Long time lurker, first time poster...
I picked up a used Pioneer-branded 18K BTU ducted minisplit heat pump system last year. The seller's story was that an HVAC buddy had a very good deal on a fancier Mitsubishi system, so he decommissioned the Pioneer system and replaced it. Wise or not, I gambled on what I hoped would be a system cheap and functional enough that I could justify trying my first DIY install to replace electric baseboards.
Life got in the way and my attic air sealing and re-insulating projects took drastically longer than I had originally planned. I've only just pulled the air handler up into the tiny insulated "room" I built for this purpose in the attic. It's been a terrible year, and everyone in the family is tired of this never ending project. When my 5yr old draws our family, she draws me in a tiny box in the attic.
I called a couple HVAC companies to see if I could convince someone to finish for me. One guy pointed out that a service valve stem on the outdoor unit doesn't look seated, as if the last person to work on the system disconnected the lineset and did not reseal the outdoor unit. He predicts hydrophilic oil has absorbed enough water to ruin the unit via corrosion.

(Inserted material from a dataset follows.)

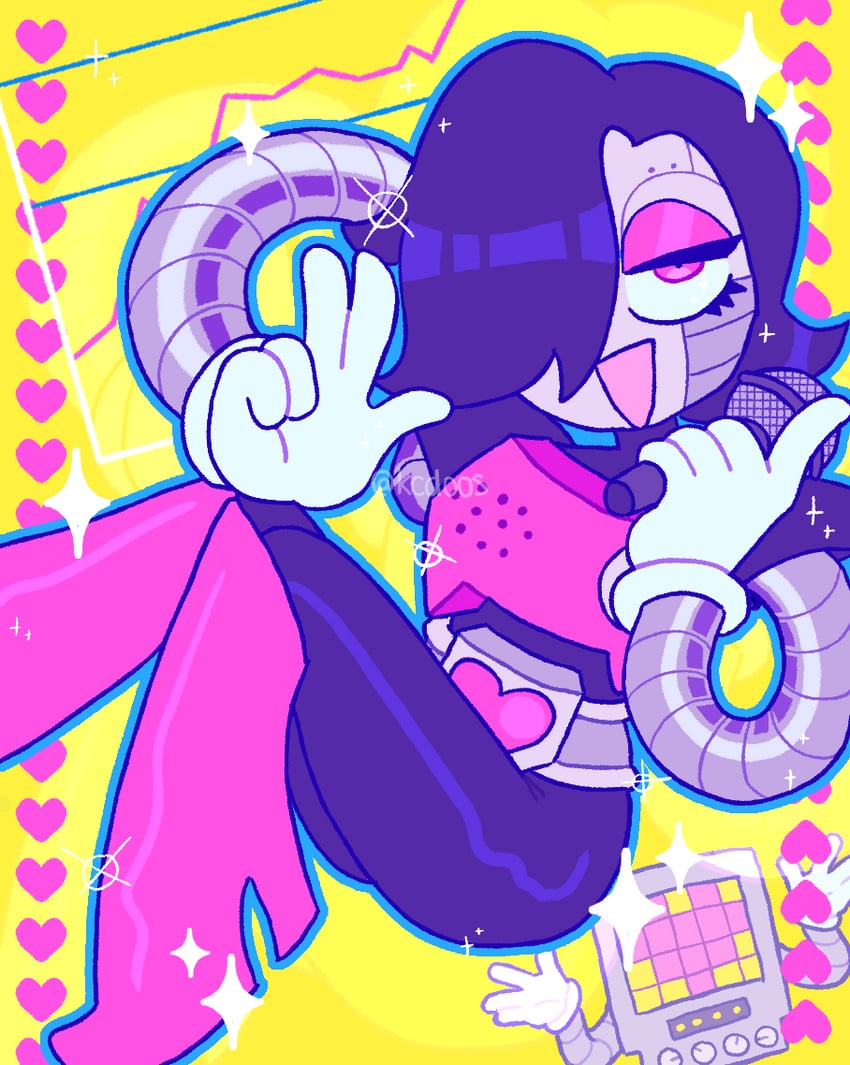 mettaton and mettaton ex (undertale and 1 more) drawn by kcdoos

That sounds plausible. The outdoor unit spent the entire winter on a covered porch, exposed to whatever blows in off nearby saltwater. However, I would really like a second opinion from someone who isn't trying to sell me a new heat pump. There are enough experimenters in this forum that I figure *someone* must have had the misfortune/experience necessary to give an informed opinion about whether this unit is ruined or not.
|05-29-21, 05:19 AM
If the guts were in fact exposed to atmosphere, it is pretty easy to check for moisture in the system. The HVAC supply houses have "the stuff" to do it with. Not free, but not super expensive.
Lotta if's in this one. If it wasn't an expensive purchase and you didn't plan on getting 20 years out of it, probably worth the effort. If it's a r410a unit, the POE oil does absorb a teeny tiny bit of moisture, about a drop per two ounces. If you are planning to have a tech do the work, probably gonna charge a fortune. Purge with nitrogen and vacuum a couple of times, install a liquid line filter dryer (I would also rig in a slight glass with moisture indicator), vacuum again and charge by weight. Lotta leak checking in there too. Basically, charge to pressure with nitrogen and soap bubble check fittings for leaks while waiting to verify the system pressure holds fast.
If the compressor never ran while there could have been water in the system, there's not much chance of acid formation. If you purge the system well and pull deep vacuum, most of the possible moisture will be removed. Filter dryers are rated for drops if water absorbing capacity, so a drop per ounce of refrigerant is a conservative sizing.
|06-01-21, 04:21 PM
Join Date: Mar 2018
Location: Rustbelt, USA
Thanked 10 Times in 9 Posts
moisture in the system will be evident when you try to pull and hold a vacuum as well. if you can pull it down the first time and it holds then it was pretty dry.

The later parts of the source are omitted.